Trois paires de mains applaudirent la fin du récit. Lisa salua une main sur le cœur et acheva son champagne.

— Je ne te savais pas une telle culture florentine, fit Aldo. Je croyais que seule Venise t’intéressait ?

— Ses ramifications aussi et Bianca en est une belle, il me semble ?

— En tout cas j’ignorais la fin de l’histoire. On n’a jamais retrouvé son corps ?

— Je ne crois pas. D’ailleurs pourquoi aurait-on cherché ? Tu penses bien que les sbires de Ferdinand ne l’ont pas inhumée avec ses bijoux.

— Elle devait en posséder de magnifiques s’écria Marie-Angéline qui s’était tenue coite durant le récit de Lisa ce qui ne lui ressemblait pas. Sait-on ce qu’ils sont devenus ?

Elle allait devoir attendre la réponse un moment.

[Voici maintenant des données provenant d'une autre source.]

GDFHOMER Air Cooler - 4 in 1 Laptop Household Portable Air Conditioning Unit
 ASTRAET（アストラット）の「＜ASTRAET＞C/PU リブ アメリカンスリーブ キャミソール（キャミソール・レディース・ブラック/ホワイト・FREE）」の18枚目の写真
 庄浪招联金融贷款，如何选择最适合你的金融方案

Le vieux Cyprien qui patientait depuis pas mal de temps pour annoncer « Madame la Marquise est servie ! » se lança dans la brèche pour clamer son message en y ajoutant sotto voce :

— Si les quenelles sont trop cuites, il faudra s’expliquer avec Eulalie ! Elle est d’une humeur de chien !

En passant près de Cyprien, Aldo lui tapa sur l’épaule :

— Voulez-vous que j’aille la voir ?

— Elle adore Votre Excellence mais elle est sourde et aveugle quand l’un de ses plats est en danger ! Peut-être si le potage est expédié rapidement…

Or il était très chaud, le potage. On se brûla héroïquement et il fut avalé en trois minutes. Tous les visages étaient d’une belle couleur écarlate quand les quenelles de brochet à la Nantua firent leur apparition, à peine moins gonflées qu’il aurait fallu mais ensuite on se consacra à leur dégustation. Silencieuse bien entendu et ce fut seulement quand Cyprien servit les émincés de veau aux épinards que l’on put reprendre la conversation. « Plan-Crépin » ouvrit le feu.

— Alors ? Ces bijoux ?

Elle regardait Morosini et celui-ci ne s’y trompa pas :

— Au risque de vous décevoir je dirai que je n’en sais rien. Les Médicis étaient si riches et leurs joyaux si nombreux qu’il n’est pas facile de s’y retrouver. Mais nous pouvons réfléchir ensemble. En premier lieu je vais démolir quelque peu l’image sulfureuse que ma chère épouse a donnée de Ferdinand. Après la mort de son frère et de Bianca, on a pratiqué une sorte d’autopsie et aucun poison n’a été décelé dans les viscères…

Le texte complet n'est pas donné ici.